SBJ/November 9 - 15, 1998/No Topic Name
Money, not the games, draw Prudential boss
Published November 9, 1998
At a recent panel on stadium finance in New York, less than a week after the Yankees swept the World Series, Aaron Barman made it clear that he did not like sports. The Prudential Securities banker volunteered that he could not care less about the success of the Yankees.
What really gets the investment banker's competitive juices flowing aren't strikes and base hits, but private placements and bonds. He couldn't tell you David Cone's 1998 ERA, but he sure could tell you the spread over Treasuries that the Miami Heat is paying to finance its new arena.
"I don't really read the sports pages, except for business purposes," said Barman, who has run the sports group at Pru since 1990. "I am not really following what the teams are doing.
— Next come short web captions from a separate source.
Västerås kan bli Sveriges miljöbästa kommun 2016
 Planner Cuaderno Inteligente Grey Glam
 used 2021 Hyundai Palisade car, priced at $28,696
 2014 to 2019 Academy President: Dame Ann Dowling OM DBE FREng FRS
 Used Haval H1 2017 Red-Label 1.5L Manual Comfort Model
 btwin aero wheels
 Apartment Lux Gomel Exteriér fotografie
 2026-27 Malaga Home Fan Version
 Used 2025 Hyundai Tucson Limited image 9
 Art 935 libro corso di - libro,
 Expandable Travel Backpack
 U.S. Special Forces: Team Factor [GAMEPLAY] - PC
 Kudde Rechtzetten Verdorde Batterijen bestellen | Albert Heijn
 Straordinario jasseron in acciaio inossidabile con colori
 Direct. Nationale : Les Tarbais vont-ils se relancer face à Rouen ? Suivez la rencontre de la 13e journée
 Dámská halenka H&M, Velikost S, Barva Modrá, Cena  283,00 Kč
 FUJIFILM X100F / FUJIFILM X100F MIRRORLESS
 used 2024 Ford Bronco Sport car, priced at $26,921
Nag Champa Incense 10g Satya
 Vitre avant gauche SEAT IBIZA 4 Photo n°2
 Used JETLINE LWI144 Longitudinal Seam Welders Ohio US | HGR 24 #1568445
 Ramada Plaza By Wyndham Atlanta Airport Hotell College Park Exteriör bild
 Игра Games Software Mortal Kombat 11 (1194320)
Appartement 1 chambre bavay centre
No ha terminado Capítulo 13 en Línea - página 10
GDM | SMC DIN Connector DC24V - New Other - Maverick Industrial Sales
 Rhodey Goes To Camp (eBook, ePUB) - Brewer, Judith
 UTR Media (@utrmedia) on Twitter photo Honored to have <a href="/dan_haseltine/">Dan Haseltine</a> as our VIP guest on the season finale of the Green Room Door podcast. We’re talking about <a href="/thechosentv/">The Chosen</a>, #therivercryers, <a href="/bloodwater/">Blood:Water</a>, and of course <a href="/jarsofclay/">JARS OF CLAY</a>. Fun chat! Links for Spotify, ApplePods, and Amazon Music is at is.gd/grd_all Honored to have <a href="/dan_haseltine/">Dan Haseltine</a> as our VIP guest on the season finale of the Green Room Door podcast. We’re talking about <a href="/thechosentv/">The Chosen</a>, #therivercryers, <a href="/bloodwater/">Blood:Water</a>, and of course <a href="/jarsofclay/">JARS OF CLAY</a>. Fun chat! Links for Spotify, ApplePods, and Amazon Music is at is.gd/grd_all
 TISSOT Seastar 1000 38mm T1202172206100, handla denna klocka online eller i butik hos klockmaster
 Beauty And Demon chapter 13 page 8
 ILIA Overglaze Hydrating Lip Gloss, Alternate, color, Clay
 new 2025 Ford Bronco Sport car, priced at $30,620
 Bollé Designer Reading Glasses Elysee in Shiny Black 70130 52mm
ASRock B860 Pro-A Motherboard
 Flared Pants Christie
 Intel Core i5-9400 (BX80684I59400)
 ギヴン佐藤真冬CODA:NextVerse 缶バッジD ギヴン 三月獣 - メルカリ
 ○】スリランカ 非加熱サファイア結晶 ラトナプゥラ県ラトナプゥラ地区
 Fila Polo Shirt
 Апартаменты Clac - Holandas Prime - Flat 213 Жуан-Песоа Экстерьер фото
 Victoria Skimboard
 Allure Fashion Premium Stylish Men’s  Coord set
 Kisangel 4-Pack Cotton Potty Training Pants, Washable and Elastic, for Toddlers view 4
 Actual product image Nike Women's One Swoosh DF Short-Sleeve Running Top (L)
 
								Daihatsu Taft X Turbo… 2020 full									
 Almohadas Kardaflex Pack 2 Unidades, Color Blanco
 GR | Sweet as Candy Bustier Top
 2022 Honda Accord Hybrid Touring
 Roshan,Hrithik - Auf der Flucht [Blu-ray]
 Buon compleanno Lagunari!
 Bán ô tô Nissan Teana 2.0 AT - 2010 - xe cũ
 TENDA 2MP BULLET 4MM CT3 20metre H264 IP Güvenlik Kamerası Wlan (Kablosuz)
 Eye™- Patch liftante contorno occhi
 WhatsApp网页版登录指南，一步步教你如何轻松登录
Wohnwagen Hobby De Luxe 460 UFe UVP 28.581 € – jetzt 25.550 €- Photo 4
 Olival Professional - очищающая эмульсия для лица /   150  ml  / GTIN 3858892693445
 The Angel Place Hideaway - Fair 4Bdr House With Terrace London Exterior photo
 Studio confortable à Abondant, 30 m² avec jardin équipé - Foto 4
I have been at a couple of closing dinners where we had the coaches there, and they have wanted to sit me next to them, and I said, 'Don't do that because I'll have nothing to talk to them about.'"
Sitting next to the chief financial officer or the owner, however, would be different.
Barman has made his mark structuring arena financings that sell private debt to investors.
Barman was one of the first to apply this financing technique to sports in 1993 with the funding for the Rose Garden in Portland, the home of the NBA's Trail Blazers. So trendsetting was that transaction that one respected financial magazine named it the deal of the year. Previously, teams raised capital by borrowing from banks.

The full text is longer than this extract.